Computational Biology Department, School of Computer Science, Carnegie Mellon University, Pittsburgh, Pennsylvania, United States of America.
Joint Carnegie Mellon-University of Pittsburgh Ph.D. Program in Computational Biology, Pittsburgh, Pennsylvania, United States of America.
PLoS Comput Biol. 2021 Mar 12;17(3):e1008777. doi: 10.1371/journal.pcbi.1008777. eCollection 2021 Mar.

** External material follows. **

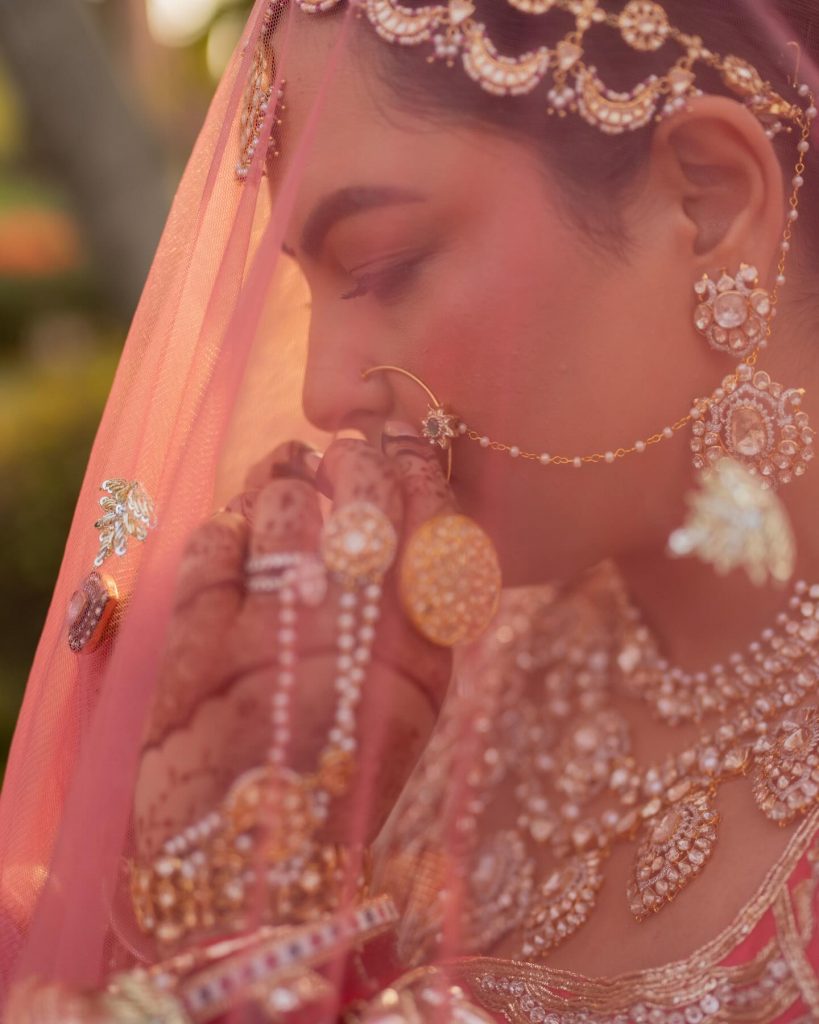 Sneak Peek At Influencer Sakshi Sindwani’s Bridal Looks That Broke The Internet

Cancer occurs via an accumulation of somatic genomic alterations in a process of clonal evolution. There has been intensive study of potential causal mutations driving cancer development and progression. However, much recent evidence suggests that tumor evolution is normally driven by a variety of mechanisms of somatic hypermutability, which act in different combinations or degrees in different cancers. These variations in mutability phenotypes are predictive of progression outcomes independent of the specific mutations they have produced to date. Here we explore the question of how and to what degree these differences in mutational phenotypes act in a cancer to predict its future progression. We develop a computational paradigm using evolutionary tree inference (tumor phylogeny) algorithms to derive features quantifying single-tumor mutational phenotypes, followed by a machine learning framework to identify key features predictive of progression. Analyses of breast invasive carcinoma and lung carcinoma demonstrate that a large fraction of the risk of future clinical outcomes of cancer progression-overall survival and disease-free survival-can be explained solely from mutational phenotype features derived from the phylogenetic analysis. We further show that mutational phenotypes have additional predictive power even after accounting for traditional clinical and driver gene-centric genomic predictors of progression. These results confirm the importance of mutational phenotypes in contributing to cancer progression risk and suggest strategies for enhancing the predictive power of conventional clinical data or driver-centric biomarkers.
癌症是通过克隆进化过程中体细胞基因组改变的积累而发生的。人们已经对潜在的致癌突变驱动癌症发生和进展的机制进行了深入研究。然而,最近的大量证据表明,肿瘤进化通常是由多种体细胞高突变性机制驱动的,这些机制在不同的癌症中以不同的组合或程度起作用。这些突变表型的可变性独立于它们迄今为止产生的特定突变,对进展结果具有预测性。在这里,我们探讨了这些突变表型的差异如何以及在多大程度上作用于癌症以预测其未来的进展。我们使用进化树推断(肿瘤系统发育)算法开发了一种计算范例,以推导出定量单肿瘤突变表型的特征,然后使用机器学习框架来识别预测进展的关键特征。对乳腺浸润性癌和肺癌的分析表明,癌症未来临床进展结果(总生存期和无病生存期)的风险很大一部分可以仅从系统发育分析中得出的突变表型特征来解释。我们进一步表明,即使考虑到传统的临床和驱动基因中心基因组预测因子的进展,突变表型仍具有额外的预测能力。这些结果证实了突变表型在导致癌症进展风险中的重要性,并提出了增强传统临床数据或驱动基因中心生物标志物预测能力的策略。